Gertrude Wheeler Beckman was an American author, composer, lyricist, singing teacher and phonologist. Her book on singing technique, Tools for Speaking and Singing, was published in 1955. She also inspired William Francis Giauque to study chemistry, the subject of his Nobel Prize in 1949.

Biography
Beckman was born in Oakland, California in 1879, one of the three children of Charles C. and Angelina (or Angeline) (née Stetson) Wheeler. One of her brothers, Charles Stetson Wheeler, became a politician and attorney while the other, William Riley Wheeler, did not attend college. She became a singing teacher and phonologist.

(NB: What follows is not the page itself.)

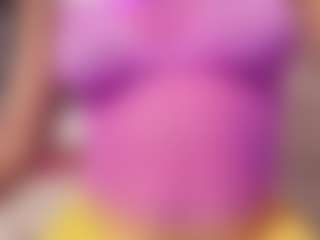 Pame  Brown's Live Sex Cam Show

She married John W. Beckman, an electrochemical engineer who worked in Niagara Falls, New York for the American Cyanamid Company. They employed Isabella Giauque as a seamstress around 1908 who had recently been widowed leaving her family in difficult financial circumstances. Giauque asked Beckman to talk with her son, William Francis Giauque, about his plan to take a business course so that he could become employed as soon as possible, rather than do as his mother wanted and embark on longer studies leading to a college degree. Beckman described the contrasting careers of her two brothers to the young man, emphasising the value of education. As a result of this conversation, and later advice from Beckman, he started on a path that took him to study chemistry at University of California, Berkeley and then remain in academic science. He was eventually awarded the Nobel Prize for chemistry in 1949.  The Beckmans later moved to Berkeley, California.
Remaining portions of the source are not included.